“Pero tú me sacaste del vientre materno; me hiciste reposar confiado en el regazo de mi madre. Fui puesto a tu cuidado desde antes de nacer; desde el vientre de mi madre mi Dios eres tú. No te alejes de mí, porque la angustia está cerca y no hay nadie que me ayude”.
Salmo 22:9-11
Este salmo escrito por David, aunque expresa mucho de lo que estaba sintiendo cuando lo escribía, es un salmo mesiánico en el que se relatan los padecimientos que pasaría Jesucristo al morir en la cruz y los sentimientos que experimentaría.
El salmista comienza expresando su angustia, tristeza y la lejanía que siente de Dios ante los problemas que está afrontando. ¿Por qué me has desamparado? –es su primera interrogante. ¿Por qué no me escuchas si clamo a ti día y noche? Eso le daba vueltas en la cabeza una y otra vez.

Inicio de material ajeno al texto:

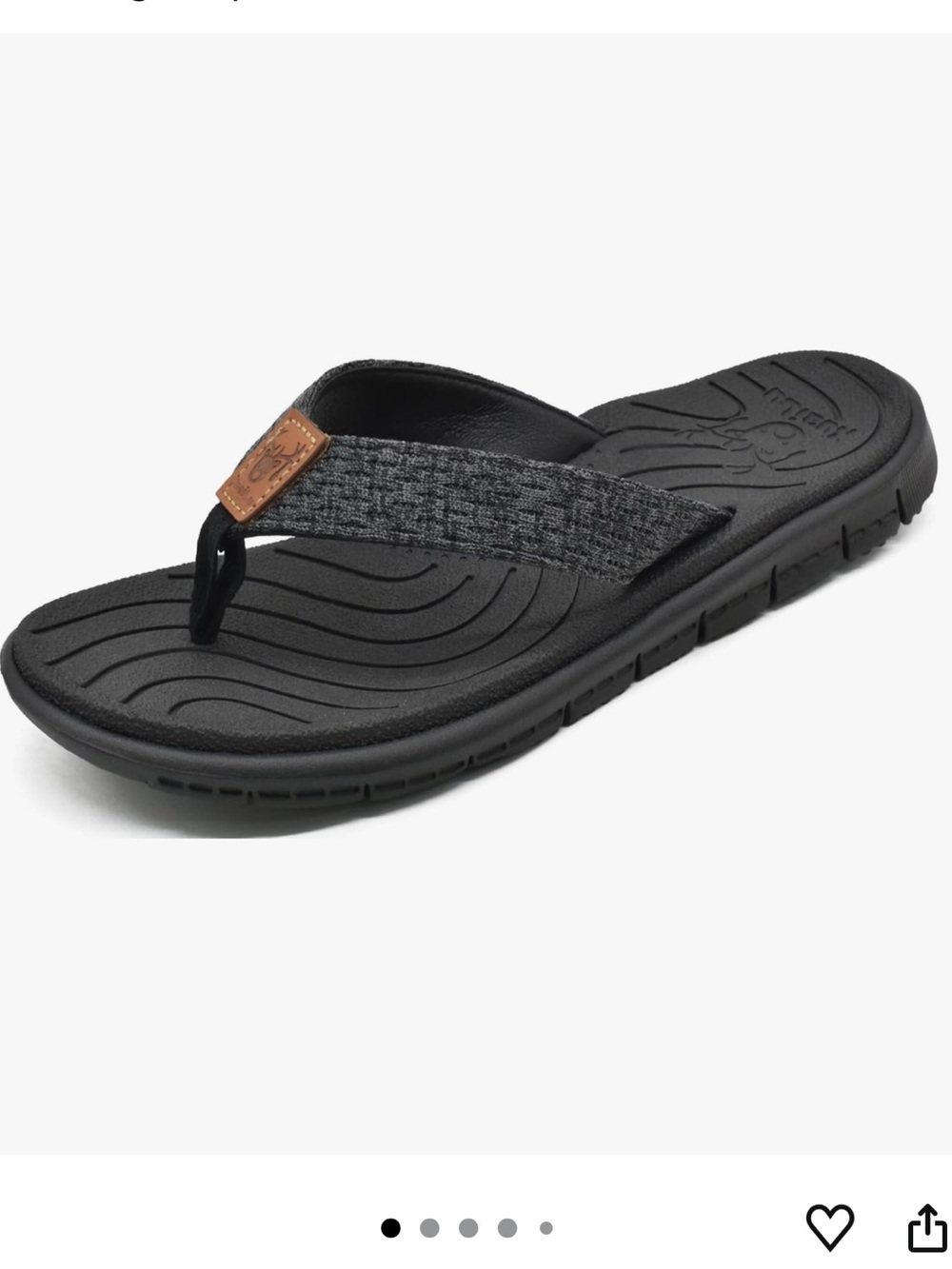 KuaiLu Women’s Non Slip Thong Flip Flop Comfort Sandals Black/Charcoal/Dark Gray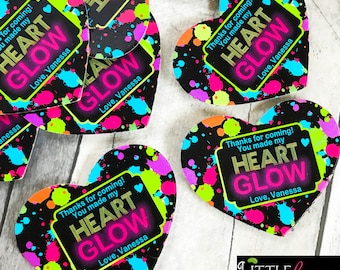 Glow Stickers, Heart glow stickers, glow Party, Glow party,Neon stickers, glow in the dark party, bowling, glow party favors, rollerskating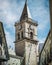 The tower bells and big clock of Saint Santiago church in Villena city, Alicante, Spain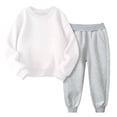 thumbnail image 3 of BXJX Girls Cotton Outfit Sets, Warm Fleece-lined 2 Piece Long Sleeve Sweatshirts and Joggers Sets Gray Size 2-3 T, 3 of 8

Igual como muchas veces nosotros también nos sentimos y pensamos cuando atravesamos el desierto.
Pero después de expresar eso, David comienza a recordar y relatar las grandezas que Dios había hecho en medio de su familia y en su pueblo. Dios había dado pruebas suficientes de que había estado con sus padres y aquella nación. Es entonces cuando él reclama para sí esas promesas. Porque precisamente en todas esas promesas que están escritas en la Biblia, es donde nuestra fe se incrementa y también donde acudimos ante el Padre a pedirle que nos auxilie, que así como estuvo con otros, esté también con nosotros.

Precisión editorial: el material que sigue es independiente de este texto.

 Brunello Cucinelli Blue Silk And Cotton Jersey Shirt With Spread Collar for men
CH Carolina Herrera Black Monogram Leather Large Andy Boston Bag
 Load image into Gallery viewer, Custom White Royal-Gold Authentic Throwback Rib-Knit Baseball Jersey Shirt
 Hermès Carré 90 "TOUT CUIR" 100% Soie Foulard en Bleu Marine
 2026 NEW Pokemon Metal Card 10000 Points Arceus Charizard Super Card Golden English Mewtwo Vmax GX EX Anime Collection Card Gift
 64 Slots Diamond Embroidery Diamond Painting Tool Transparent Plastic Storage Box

Uno de los versículos más impactantes de este capítulo es precisamente el hecho en el que David declara y reconoce, que aún antes de su nacimiento sus padres le habían encomendado a Dios su cuidado. Él confiesa que aún antes de que sus ojos hubieran visto la luz por vez primera, Dios ya era el señor de su vida y lo traía adherido a su corazón, aún cuando no lo comprendía porque era demasiado pequeño para razonar. David clama sabiendo que el único que le puede ayudar en medio de la angustia desesperante que estaba viviendo era Dios.
Entonces sabe que la persona ideal a quien debe acudir y pedir auxilio es solamente al que tiene el poder de hacer las cosas imposibles, posibles. Al Rey de reyes y Señor de señores, Jehová de los ejércitos. Es así, porque cuando uno recuerda las grandezas de Dios, el alma se deleita aunque esté pasando por una agonía... que se estima momentánea. Y desde lo más profundo sale el corazón del verdadero adorador y comienza a hacer lo que David hacía. Exalta, glorifica y proclama la suprema majestad y poderío de Dios. Recuerda a su alma que un día todos los que le sirven y adoran estaremos ante Dios y que Jehová gobernará por siempre. No se nos puede olvidar que a pesar de la posición que tuvo David como rey de Israel, fueron muchas las aflicciones, persecuciones y lágrimas que tuvo que derramar y sufrir. Pero en cada uno de sus salmos podemos comprobar la fidelidad que él confesaba que recibía de Dios.
A veces nos turbamos y exclamamos confundidos: “Dios mío, ¿dónde estás, por qué me has desamparado?” Y Dios justo a nuestro lado observándonos. Queriendo que entendamos que aunque guarda silencio, sigue fiel a nosotros y que a su debido momento intervendrá. Por esta razón no dañemos los planes maravillosos que Dios tiene con nuestra vida alimentando la duda.